[Opening Available data section]
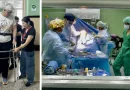 Médicos estadounidenses realizan cirugías para que cubanos reciban prótesis de rodilla y cadera.
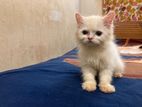 Traditional persian male kitten age 2.5 month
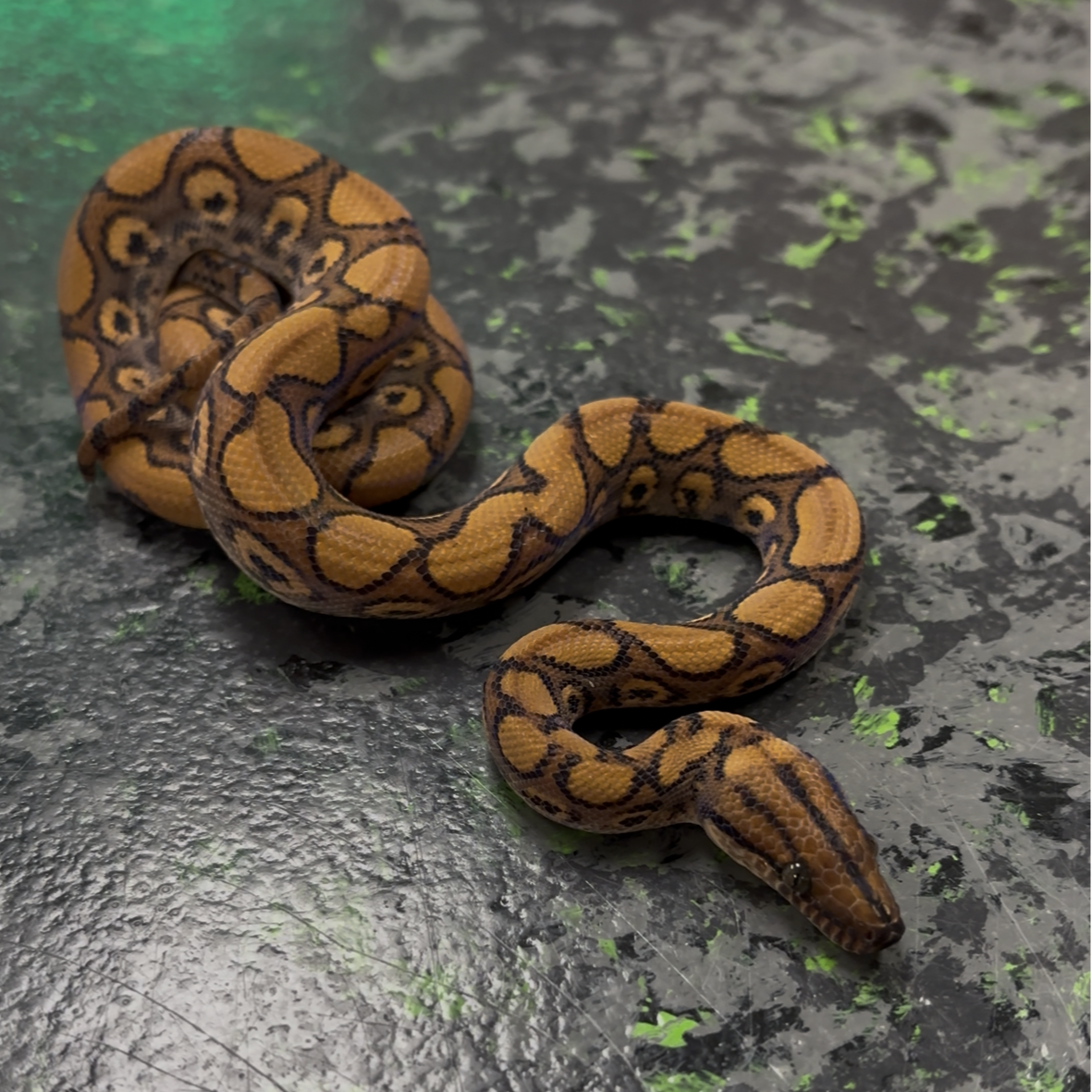 Bullseye (Full Visual) Brazilian Rainbow Boa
[Closing Available data section]
▶ **Your assignment**: Set down the material above exactly. Skip any picture.

▶ **Task response**:
 Médicos estadounidenses realizan cirugías para que cubanos reciban prótesis de rodilla y cadera.
 Traditional persian male kitten age 2.5 month
 Bullseye (Full Visual) Brazilian Rainbow Boa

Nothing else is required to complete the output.